Problem 7: Dark Matter from Rotation Curves

Restatement: Explain how galaxy rotation curves provide evidence for dark matter.

Key insight: Stars in galaxy outskirts orbit faster than visible matter alone can explain.

Answer:

The prediction from visible matter:

Using Newton’s gravity, if all the mass in a galaxy were in the visible stars and gas concentrated toward the center, we’d predict orbital velocity should decrease with distance from the galactic center beyond the main stellar disk — just like planets in the solar system orbit slower at greater distances (\(v = \sqrt{GM/r}\); larger \(r\) → smaller \(v\)).

What we actually observe:

When astronomers measure stellar orbital velocities using Doppler shifts of spectral lines, they find that orbital velocity stays roughly constant (or even increases slightly) far beyond where the visible matter ends. The rotation curve is flat, not declining.

The inference:

A flat rotation curve means that the enclosed mass \(M(r)\) continues to grow linearly with \(r\) even where there are few visible stars. Since \(v = \sqrt{GM(r)/r}\) and \(v \approx \text{constant}\), we need \(M(r) \propto r\) — there must be a large amount of unseen mass extending far beyond the visible galaxy.

This unseen mass is called dark matter. It doesn’t emit, absorb, or reflect light (hence “dark”), but it exerts gravitational influence. Multiple lines of evidence suggest that most of the matter in the universe is in this dark form.

The chain of inference:

Observable: Doppler shifts of stars at various distances from the galactic center
Model: Newton’s gravity relates orbital velocity to enclosed mass
Inference: The mass distribution extends far beyond visible matter → dark matter exists

What you should learn from this: Dark matter is not just an ad hoc guess — it is an inference from Doppler measurements and Newtonian gravity. The same tools (Doppler effect + gravity) that weigh planets and stars also reveal the need for an additional, unseen mass component in galaxies.

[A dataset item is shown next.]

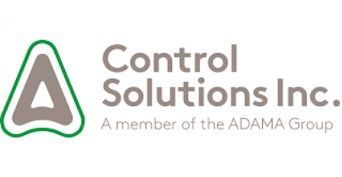 Logo for Control Solutions Inc., a member of the ADAMA Group. Features a grey and green triangular shape next to grey text.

Problem 8: Space Telescopes vs. Ground (JWST)

Restatement: Why couldn’t we just build a larger infrared telescope on the ground instead of JWST?

Answer:

Earth’s atmosphere blocks most infrared light. Water vapor (H₂O) and carbon dioxide (CO₂) in the atmosphere are strong infrared absorbers. They create wide “absorption bands” that block entire wavelength ranges from reaching the ground. Only a few narrow “windows” in the near-infrared are partially transparent.

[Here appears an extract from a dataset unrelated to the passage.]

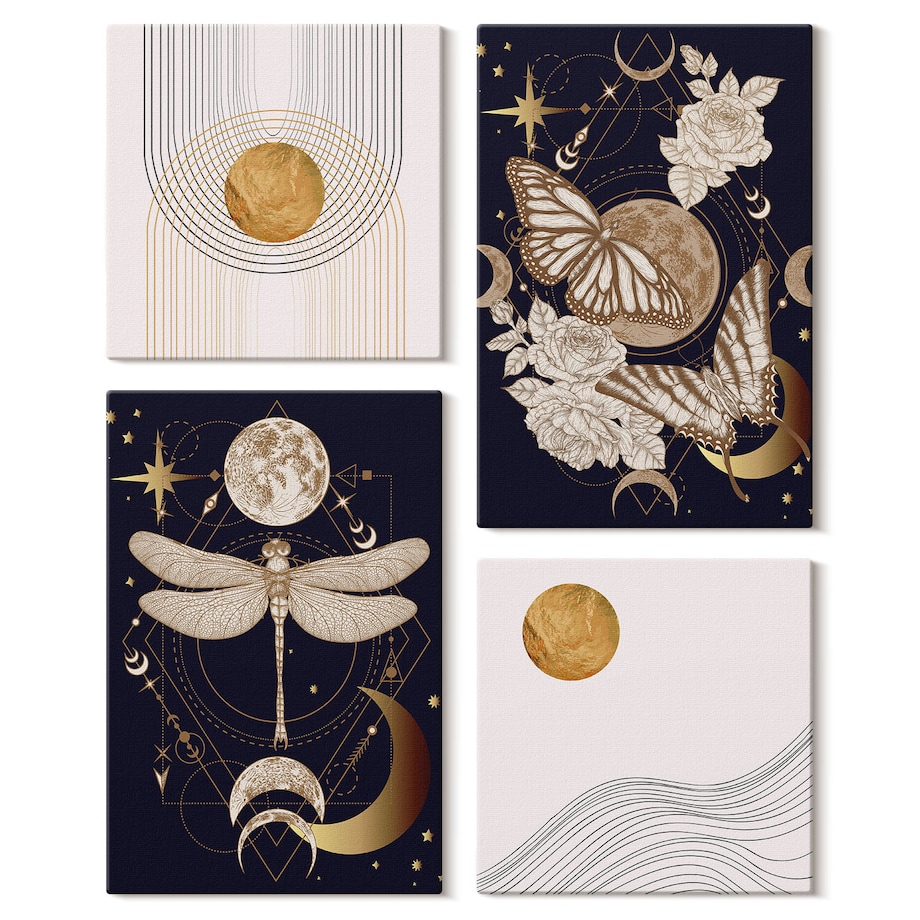 Zestaw 4 obrazów na płótnie - Motywy przyrody z księżycem - granatowy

Even in the windows, the atmosphere glows. Everything at temperature \(T\) emits thermal radiation (blackbody, from L8). The atmosphere at ~250 K emits strongly in the infrared — the same wavelengths JWST observes. From the ground, an infrared telescope sees the sky glowing — like trying to observe faint stars while someone shines a flashlight in your face.

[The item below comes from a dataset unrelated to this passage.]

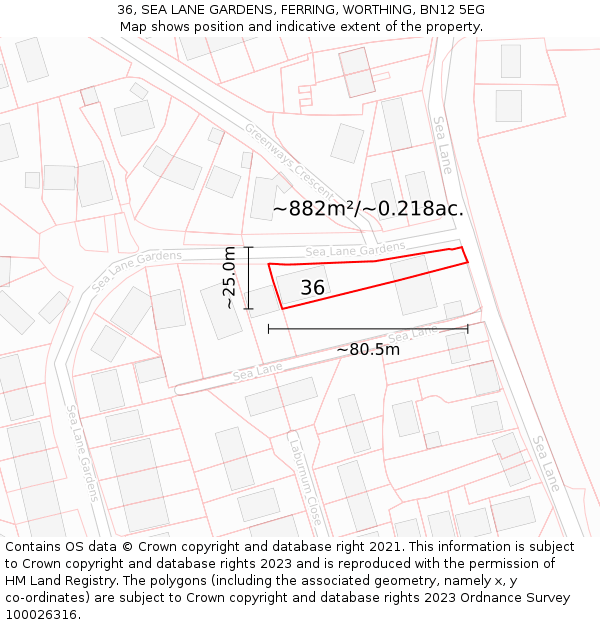 36, SEA LANE GARDENS, FERRING, WORTHING, BN12 5EG: Plot and title map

In space, JWST avoids both problems:

No atmospheric absorption — the full infrared spectrum is accessible
No atmospheric emission — space is cold and dark at infrared wavelengths
JWST’s sunshield cools the telescope to ~40 K, reducing the telescope’s own thermal emission to negligible levels

A ground-based infrared telescope, no matter how large, cannot overcome the fundamental limitations of atmospheric absorption and emission. This is why JWST needed to be in space (at the L2 Lagrange point, 1.5 million km from Earth).

What you should learn from this: The atmosphere is transparent at visible and radio wavelengths but opaque at most infrared, ultraviolet, X-ray, and gamma-ray wavelengths. This is why multi-wavelength astronomy requires a fleet of space telescopes, not just bigger ground-based ones.